Latest figures from the Office for National Statistics (ONS) have revealed that the UK's trade deficit has widened in February.
The ONS statistics show the UK's deficit on seasonally adjusted trade in goods and services increased from £2.5bn in January to £3.4bn in February, whilst the deficit on seasonally adjusted trade in goods rose to £8.8bn in February, up from January's £7.9bn.
The surplus on seasonally adjusted trade in services for February was estimated to have experienced no change from January, remaining at £5.4bn.
Furthermore the seasonally adjusted volume of exports, excluding oil and erratic items, was 5.3% lower, and the volume of imports was 0.9%, lower in February compared with January.
Commenting on statistics, David Kern, Chief Economist at the British Chambers of Commerce, said: "The trade deficit increase in February is disappointing, especially as the volume of exporting goods fell by more than five percent, while imports declined by less than one percent. Although the monthly trade figures can be volatile, and not too much weight should be given to one single figure, it is clear that the rebalancing of the economy towards exports is too slow.

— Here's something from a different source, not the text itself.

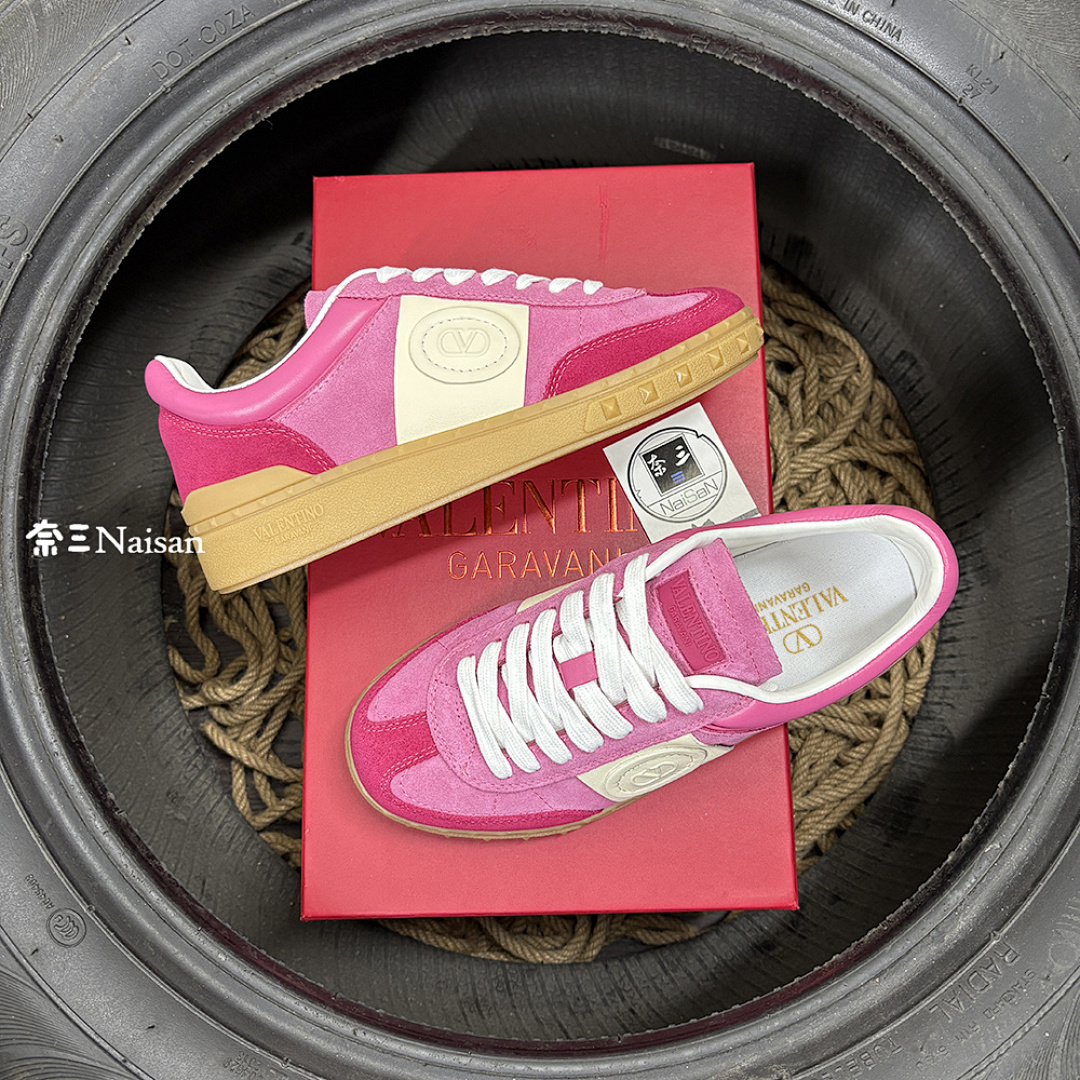 ▶ UPVILLAGE LOW - Image 2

"With the government's deficit cutting measures squeezing domestic demand, a sustained UK recovery relies on exports, business investment, and replacing imports with domestically-produced goods. Given the renewed debt problems in the eurozone and difficulties in the global economy, British exporters will face challenges in maintaining their position in international markets.
"The government must act to address these issues by giving small- and medium-sized firms in particular extra support in key areas such as trade finance, insurance, promotion, market knowledge and skills. It is crucial to enable British firms to compete on equitable terms. While low interest rates and a competitive pound will help to reduce our deficit, British exporters must reinforce their efforts to break into faster growing markets such as China, India and Brazil."